Searching for truth in data: A policymaker’s dilemma in the digital world
First published on worldbank.org here. By Roumeen Islam. | January 25, 2021
Humans have used data to make choices from the beginning of Time. To the hunter-gatherer, information regarding the terrain to traverse to the next meal, the strength of the prey, and the competition to be faced in making the kill, were all very useful bits of data. When she settled down to agriculture, it became important to know the quality of the soil, availability of water and weather patterns. Individual bits of data or information were not enough though. One had to combine them in mathematical transformations and produce assessments; and eventually, pass them on to others. In relaying this information, the vocabulary available to describe each circumstance got richer. Research by Harvard and Google shows that today, there are reportedly over a million words in English alone, with the number growing by several thousand each year; each person, however, only knows some thousands, unique to her. And, so, the number of perspectives, the truths, got richer and multiplied. Was the hippopotamus enormous and belligerent, or just grey and somewhat fat?

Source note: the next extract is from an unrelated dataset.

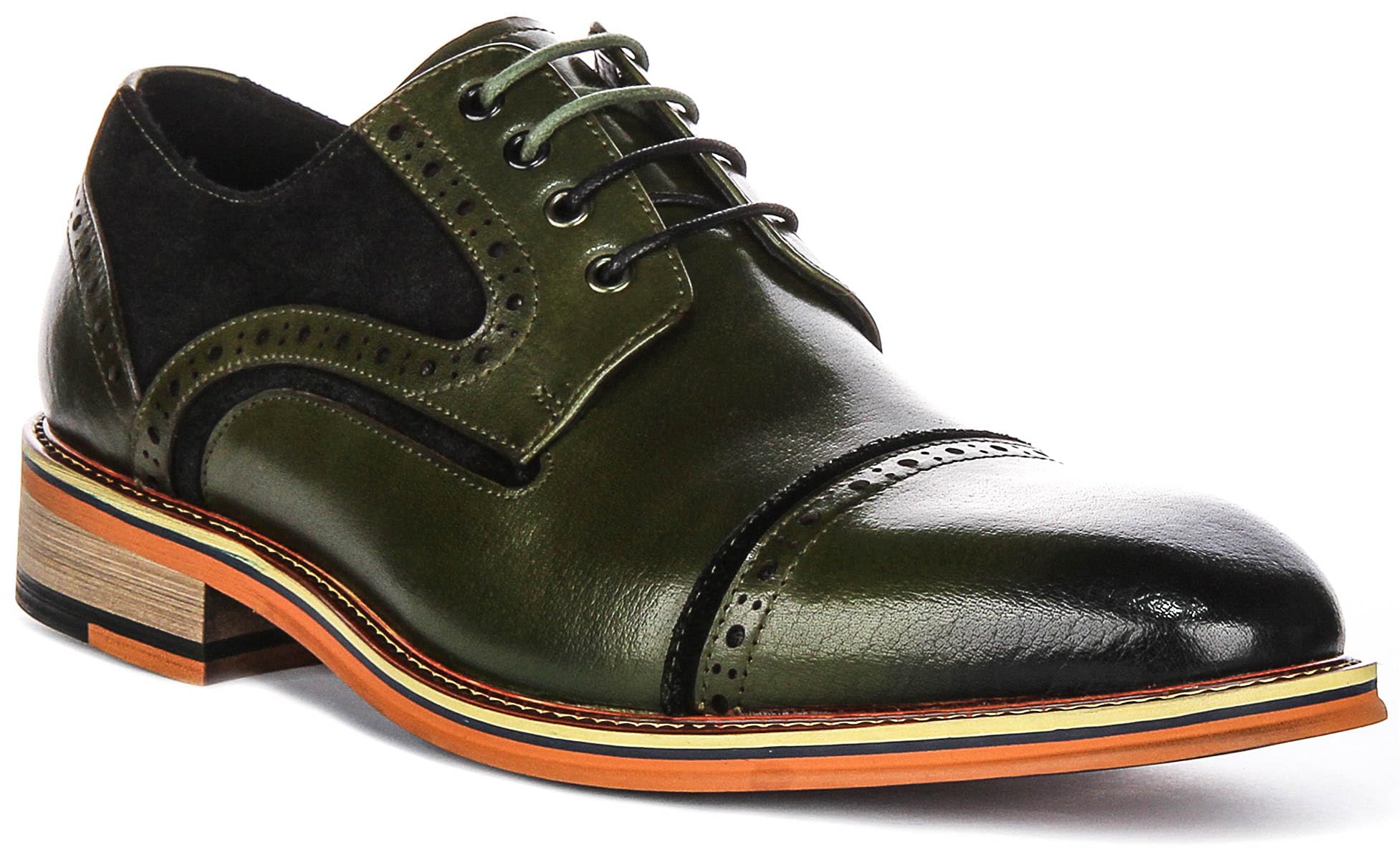 JUSTINREESS ENGLAND Dennis Men's A-Derby Toe with Suede and Lea Shoes (Green, US 13)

It was not just the richness of data in nature, nor the words created by humans to describe what they sensed, that led to the explosion of perceived information. We created rich civilizations, added social complexity to natural complexities, and continued to collect data. A recent study shows that there was 1000% more data in 2006 than there was in 1999. Another report finds that online data has increased around 1500% since 2017. The actual numbers are large beyond human imagination, and it remains unclear who owns all the data. With the digital revolution, we have the ability to gather information on an incredible number of natural phenomena and human actions. Yet, we do not fully understand all the complexities of what we are sensing, nor how machines are analyzing them. Those “processing” the data may not know the insight that may be got, or the answers being sought.
It is the narrative that helps us sift through the data. Yale economist Robert Shiller rightly says the narrative or story is an “essentially human” work. The narrative is bound by our history, culture and simply the number of words we use. It reflects the ambition and desires of the narrator as well as the beliefs and aspirations of her listeners. The power of the narrative is evident in every nation’s political, economic and social evolution. With digital technology, narrative travels at unprecedented speeds. And recent history demonstrates the impact of speedy communication. So, if Data are worshipped as Truth, but described in words travelling faster and faster, it is imperative to ask simultaneously, as it never has been before, whose Truth is it?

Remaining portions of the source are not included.